Instructions for the task> Please repeat the entries word for word and keep the images out.

Records to process>
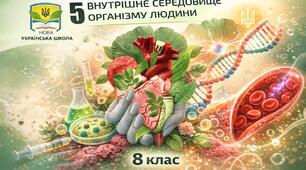 Внутрішнє середовище організму 8 клас НУШ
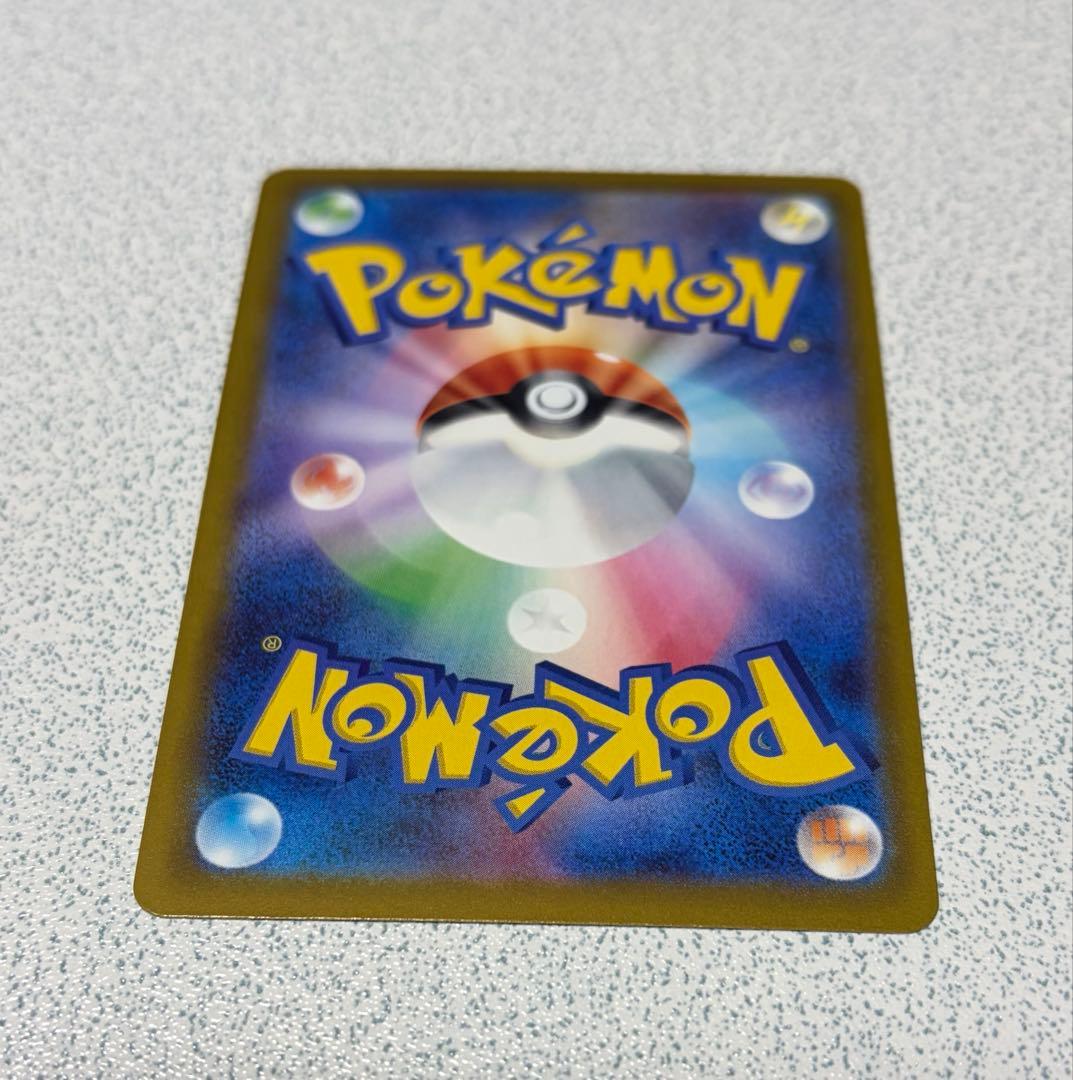 ポケカ メガゲッコウガex sar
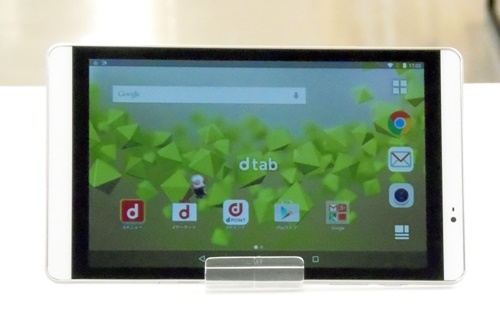 ご不要なタブレット、iPad買取いたします! m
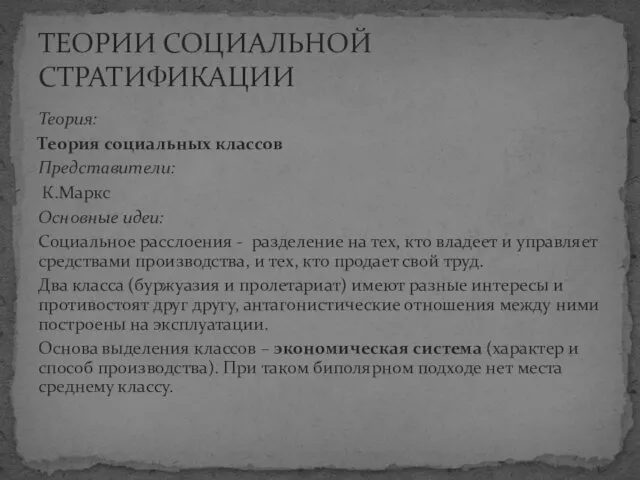 Теория: Теория социальных классов Представители: К.Маркс Основные идеи: Социальное расслоения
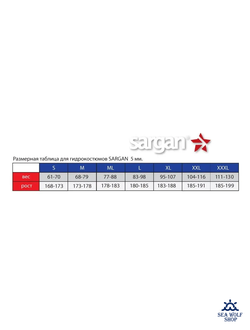 Гидрокостюм неопрен 2мм Sargan Sport 1001/BL, муж. р.XL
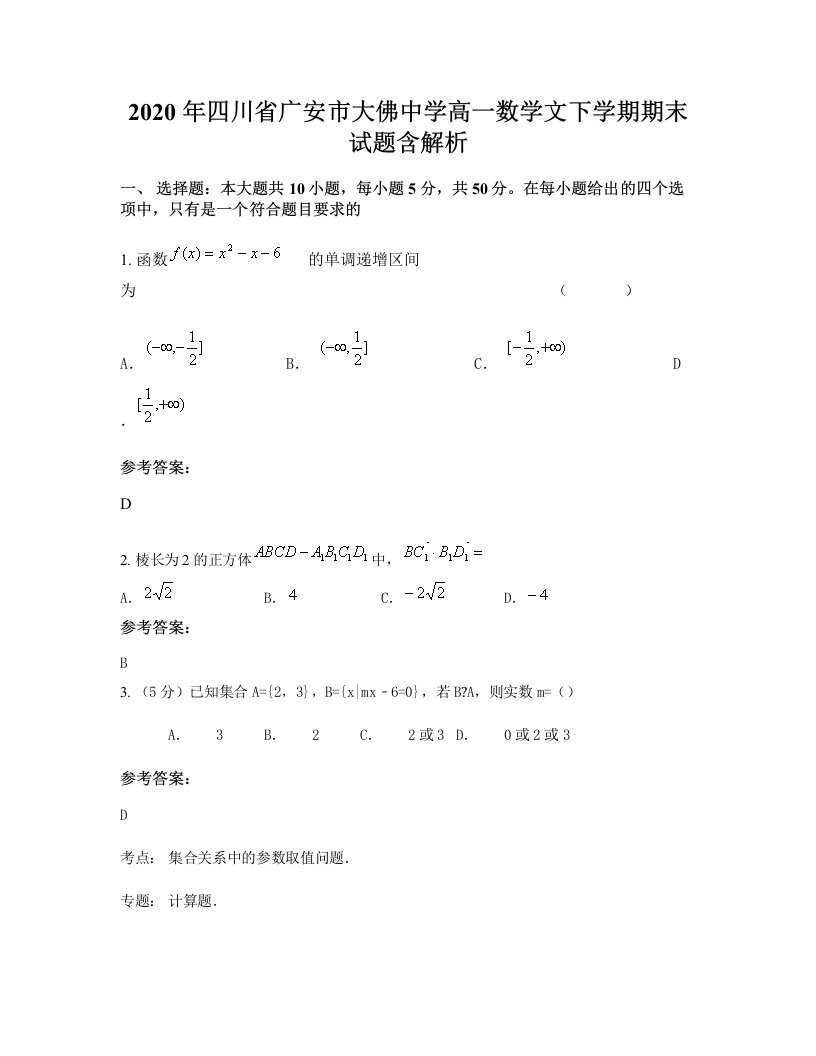 2020年四川省广安市大佛中学高一数学文下学期期末试题含解析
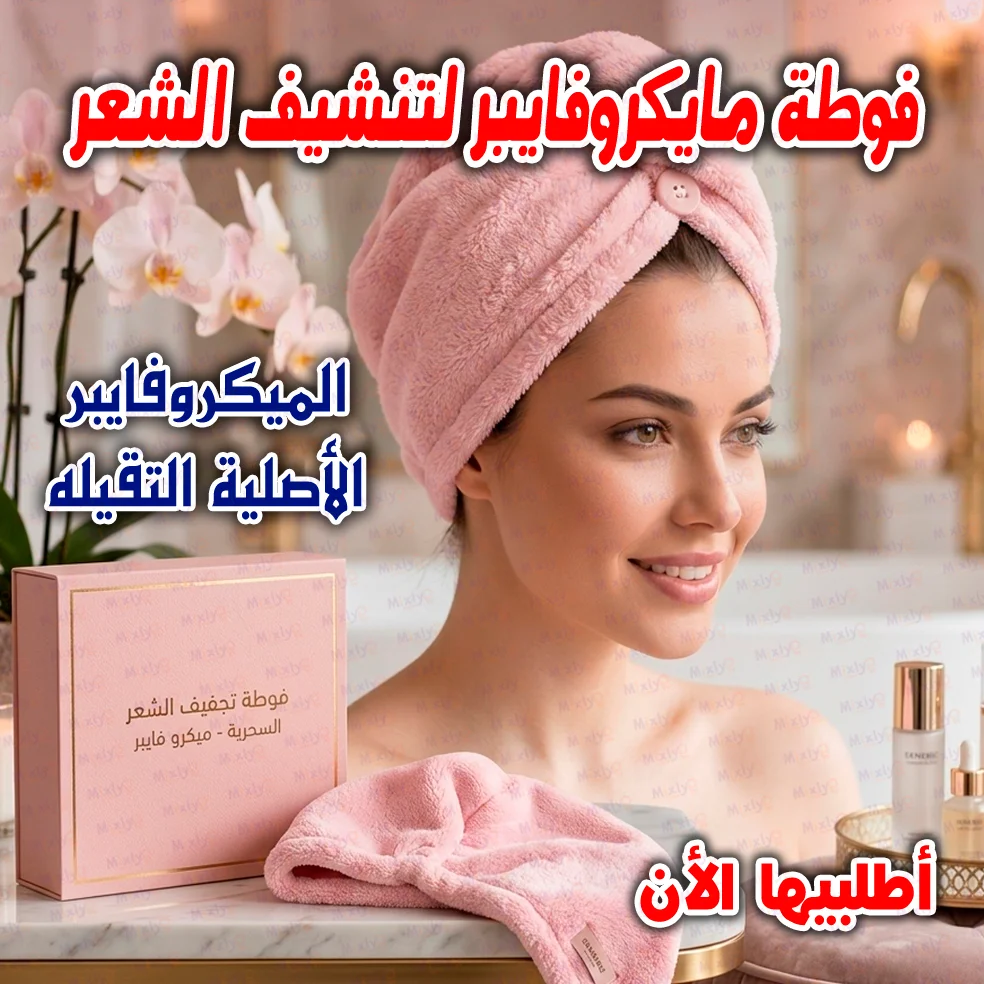 فوطة مايكروفايبر للشعر 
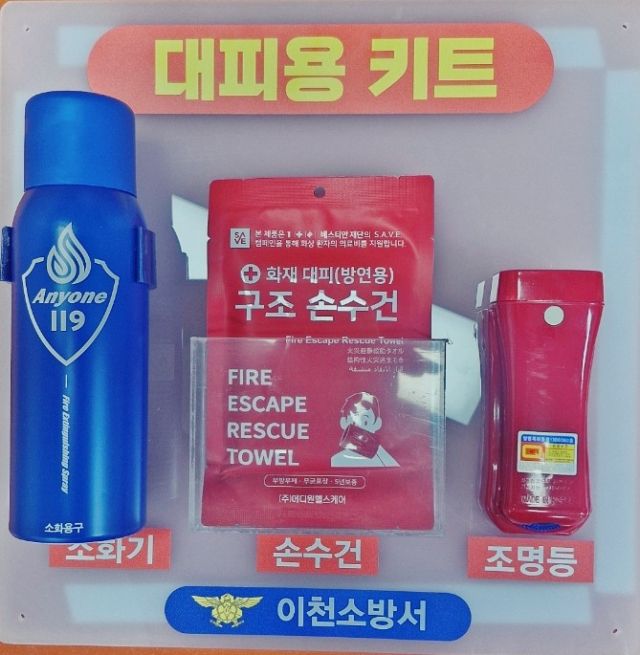 머리맡 안전지킴이(대피용3종키트)는 구조손수건, 에어로졸형 소화기, 휴대용 비상조명 등으로 구성되어 있다.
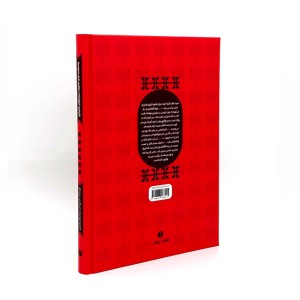 کتاب یادداشت ها و خاطرارت سردار ظفر بختیاری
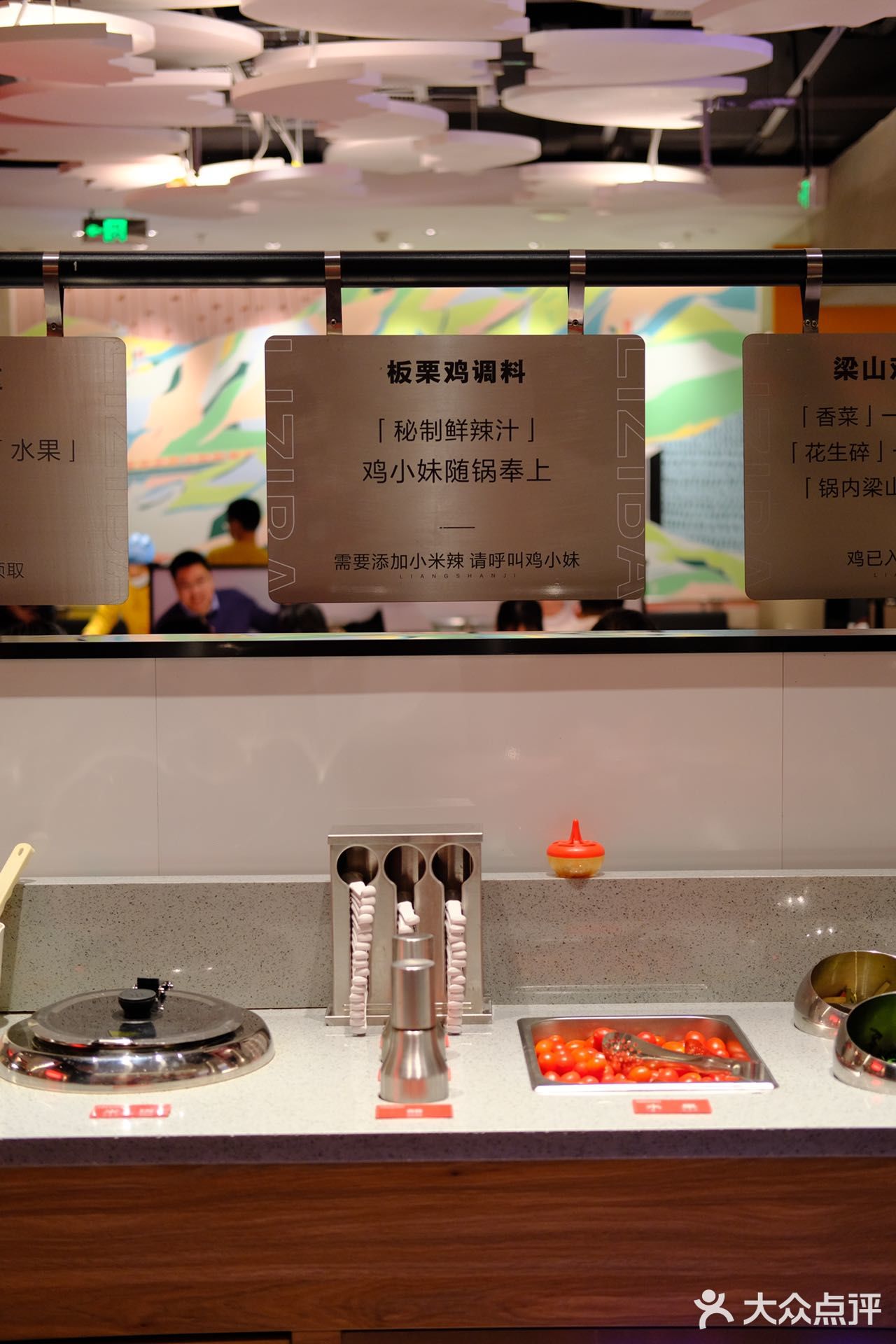 李子坝梁山鸡｜正宗的药膳鸡来啦👀
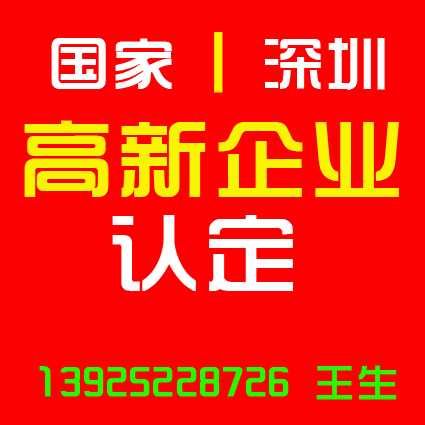 深圳知识产权高新技术企业认定复核 深圳知识产权高新技术企业认定申请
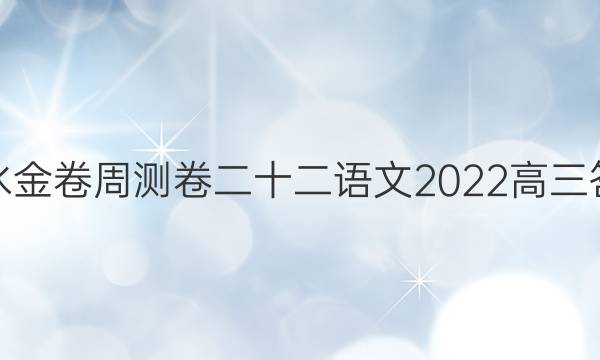 衡水金卷周测卷二十二语文2022高三答案
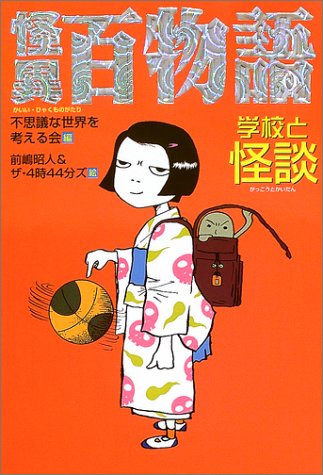 怪異百物語 学校と怪談 不思議な世界を考える会 昭人 前嶋 ザ4時44分ズ 本 通販 Amazon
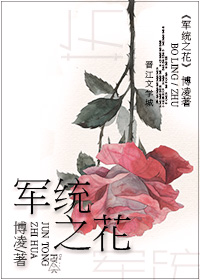军统之花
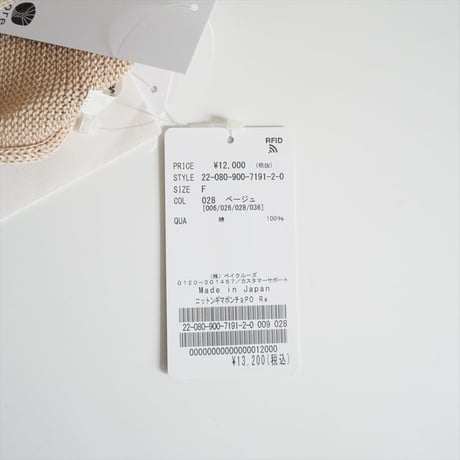 2022SS / 未使用 / IENA / コットンギマポンチョプルオーバー / 22080900719120 / 2507-0368
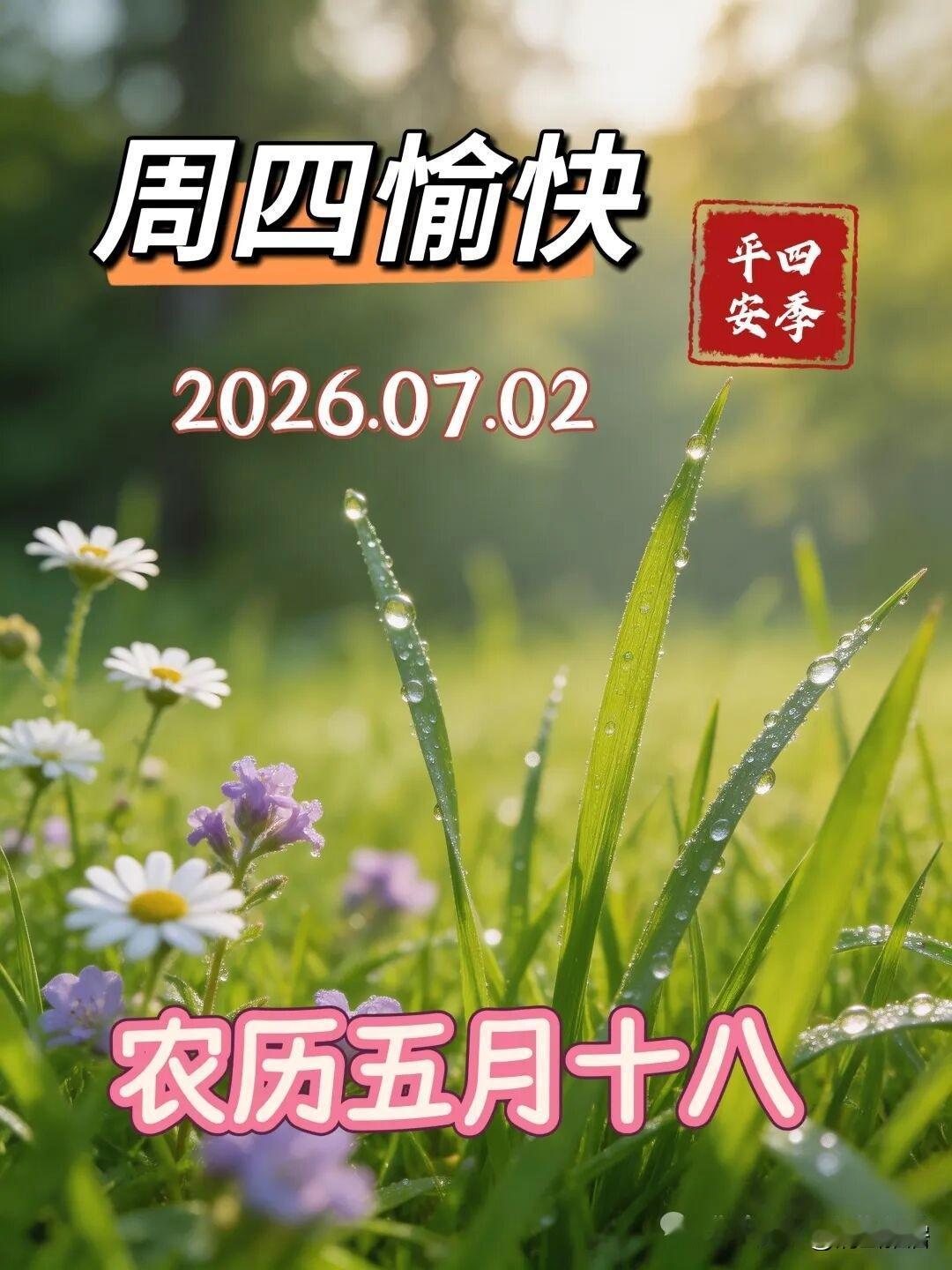 你对未来房价走势有哪些预测房地产市场基本稳定，不会再回高峰期那个样子，高房价，普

Answer box>
 Внутрішнє середовище організму 8 клас НУШ
 ポケカ メガゲッコウガex sar
 ご不要なタブレット、iPad買取いたします! m
 Теория: Теория социальных классов Представители: К.Маркс Основные идеи: Социальное расслоения
 Гидрокостюм неопрен 2мм Sargan Sport 1001/BL, муж. р.XL
 2020年四川省广安市大佛中学高一数学文下学期期末试题含解析
 فوطة مايكروفايبر للشعر 
 머리맡 안전지킴이(대피용3종키트)는 구조손수건, 에어로졸형 소화기, 휴대용 비상조명 등으로 구성되어 있다.
 کتاب یادداشت ها و خاطرارت سردار ظفر بختیاری
 李子坝梁山鸡｜正宗的药膳鸡来啦👀
 深圳知识产权高新技术企业认定复核 深圳知识产权高新技术企业认定申请
 衡水金卷周测卷二十二语文2022高三答案
 怪異百物語 学校と怪談 不思議な世界を考える会 昭人 前嶋 ザ4時44分ズ 本 通販 Amazon
军统之花
 2022SS / 未使用 / IENA / コットンギマポンチョプルオーバー / 22080900719120 / 2507-0368
 你对未来房价走势有哪些预测房地产市场基本稳定，不会再回高峰期那个样子，高房价，普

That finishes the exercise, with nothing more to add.